Because these coins are now all 100 years old, or older, finding one that’s untouched and well-preserved is pretty uncommon. Nonetheless, this is always the goal for collectors. Collectors look out for coins that are well-preserved. The coin’s physical status is going to impact its value, but that’s not the only thing that dictates value.
This coin is considered to be one of the few remaining physical relics of the great American western frontier and the spirit of pioneerism. It’s said that holding a Morgan in your hand is akin to being transported back to the American Old West – the America of ingenuity, prosperity and entrepreneurship. These coins are 90% silver and were mined from Nevada’s legendary Comstock Lode, the site of the first major discovery of silver in the United States and named after Henry Comstock.
It’s difficult to determine the “average” price on a Morgan Silver Dollar. That’s mostly because it’s not an average coin and it doesn’t come with an average price tag. One way to determine the actual price of a Morgan Silver Dollar is to have the actual coin in your hand and take it to a reputable dealer who will give you a quote. Without an exact coin we’re only dealing in approximations. There are many different factors that go into the value of coins – especially this one. The price may vary depending on the individual coin’s condition and the scarcity of the particular coin. These coins might go for as little as $10 all the way up to $100 or even more.
The coins that everyone wants are the ones that haven’t succumbed to wear and tear – this is true of most coins and especially true of Morgans. Collectors want to see Morgans that are old but don’t look like they’re old. Well preserved coins are going to fetch the highest price tags.
Buyers will also pay top dollar for coins that meet their specifications as far as the specific design of the coin and the year they’re looking for. Collectors want the oldest available coins. The earliest Morgan Dollars can bring in a pretty penny. These are the coins produced between 1878 and 1879. That first and second year of production are the holy grail for Morgan Silver Dollar collectors. The late 1870’s and early 1880’s coins go for the highest prices simply because they’re the oldest. Ones that are in pristine condition command the highest prices of all. Another important thing to know about these coins is that up to three different designs were produced each year during the duration of their minting. The specific design of the coin is going to be a big determinant in the value. For example, the 1878 CC Morgan Silver Dollar is especially difficult to find. Collectors want this coin specifically because of its rarity and age. Finding one of these in good condition is a big win.

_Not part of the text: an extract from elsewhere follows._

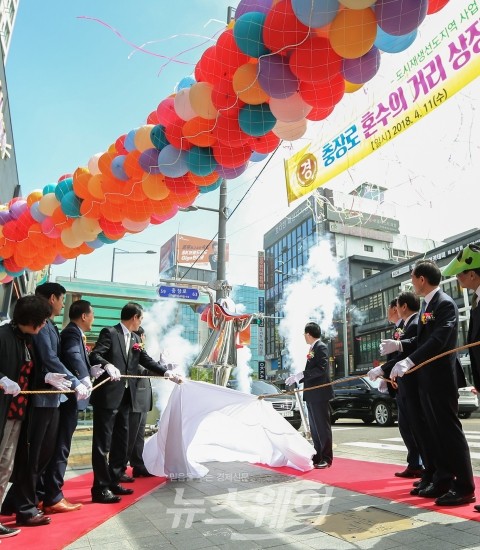 광주광역시 동구청, 충장로 4·5가 ‘혼수의 거리’ 상징조형물 제막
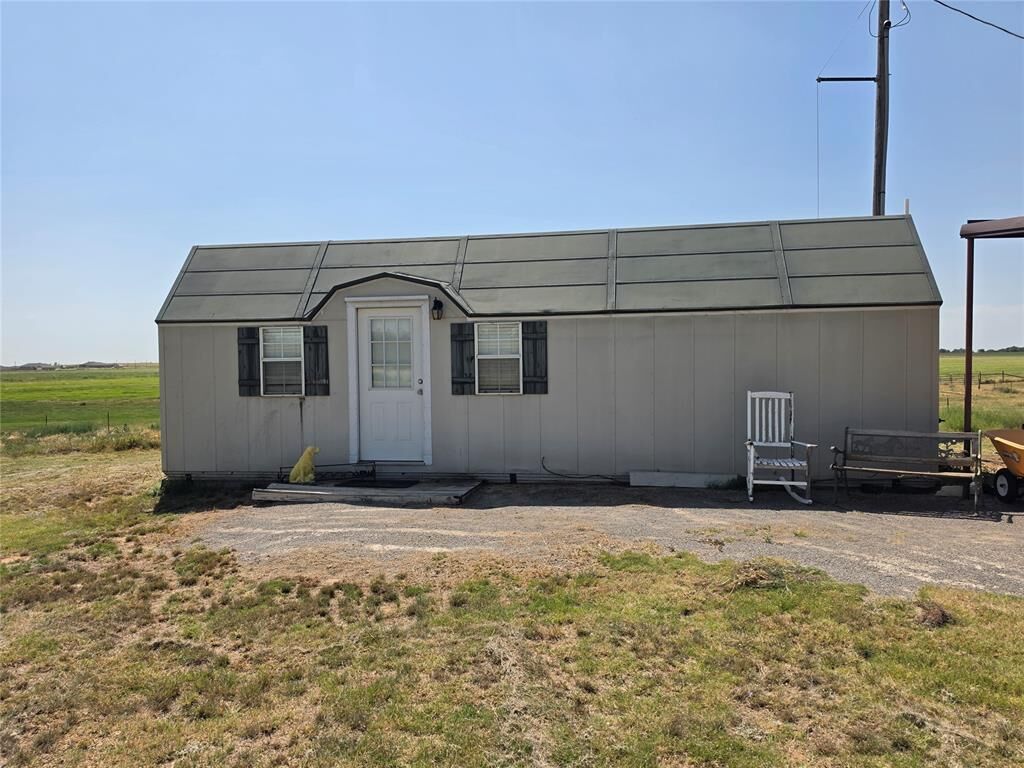 Property Photo:  15767 S County Rd 206 Road  OK 73521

There are a few different things to consider when thinking about the future of coins and their future investment potential. One of the things to think about is, “Is the coin still produced.” Because the Morgans haven’t been printed in over 100 years, they’re automatically going to be rarer than a coin that’s still printed. They’ll never be produced again and for that reason collectors are attracted to them. This also means that the value of the coin is always on the rise. Another thing adding to that value is the fact that hundreds of these coins were melted down during their minting and at the end of their minting. In other words, there were a certain number of these coins produced, but only a percentage actually made it into the future. Fewer and fewer Morgans will make their way onto the market over the years and this is great for collectors. As time goes by these coins will only get more valuable.